### What to do
Go to the line below that has "((((Massive, beautiful, buff, light", print it and each line after it exactly, and stop after the line that has "Porcelaines (Nr. 389 - 438)"; leave out pictures.

### Dataset records

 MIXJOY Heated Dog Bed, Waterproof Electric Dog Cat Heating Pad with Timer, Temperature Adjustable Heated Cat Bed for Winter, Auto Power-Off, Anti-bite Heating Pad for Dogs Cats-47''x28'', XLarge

--

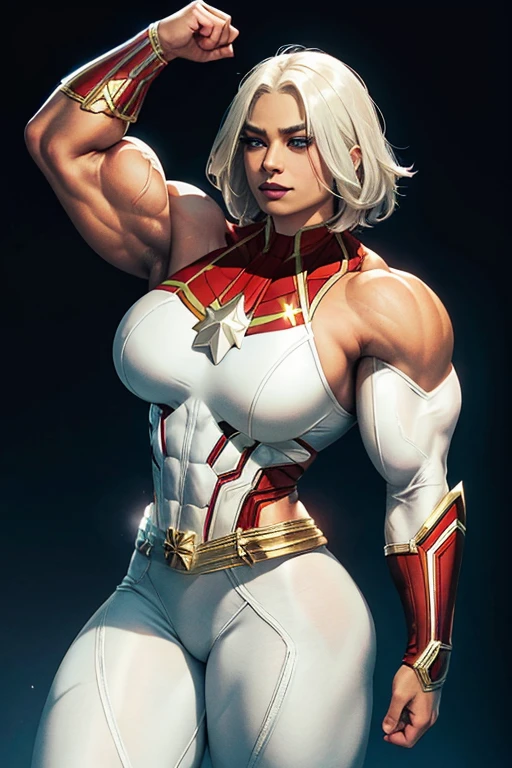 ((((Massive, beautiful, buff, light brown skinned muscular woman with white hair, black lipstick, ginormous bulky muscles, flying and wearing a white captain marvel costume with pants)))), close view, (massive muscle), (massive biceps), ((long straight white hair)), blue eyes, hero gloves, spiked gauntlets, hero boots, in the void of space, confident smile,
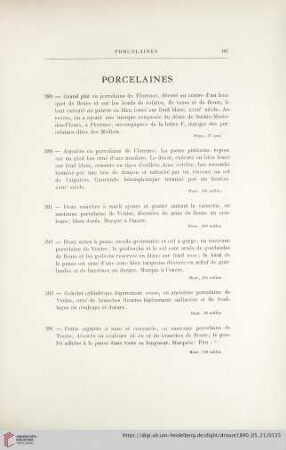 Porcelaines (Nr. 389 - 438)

---

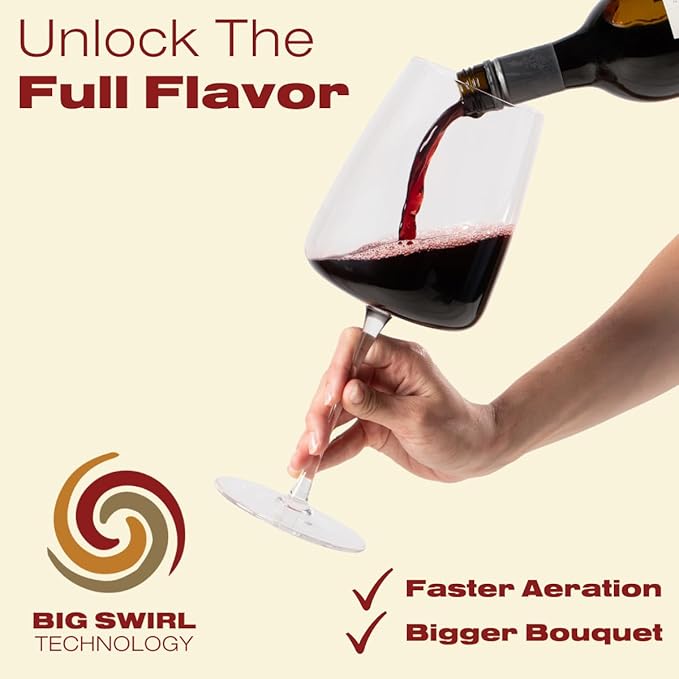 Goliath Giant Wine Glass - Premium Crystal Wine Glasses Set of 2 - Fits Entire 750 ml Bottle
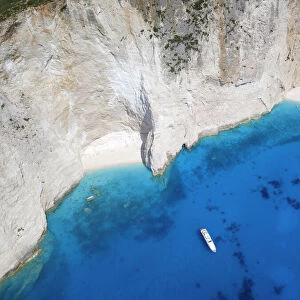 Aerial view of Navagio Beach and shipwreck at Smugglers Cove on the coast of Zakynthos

### Exercise output
 ((((Massive, beautiful, buff, light brown skinned muscular woman with white hair, black lipstick, ginormous bulky muscles, flying and wearing a white captain marvel costume with pants)))), close view, (massive muscle), (massive biceps), ((long straight white hair)), blue eyes, hero gloves, spiked gauntlets, hero boots, in the void of space, confident smile,
 Porcelaines (Nr. 389 - 438)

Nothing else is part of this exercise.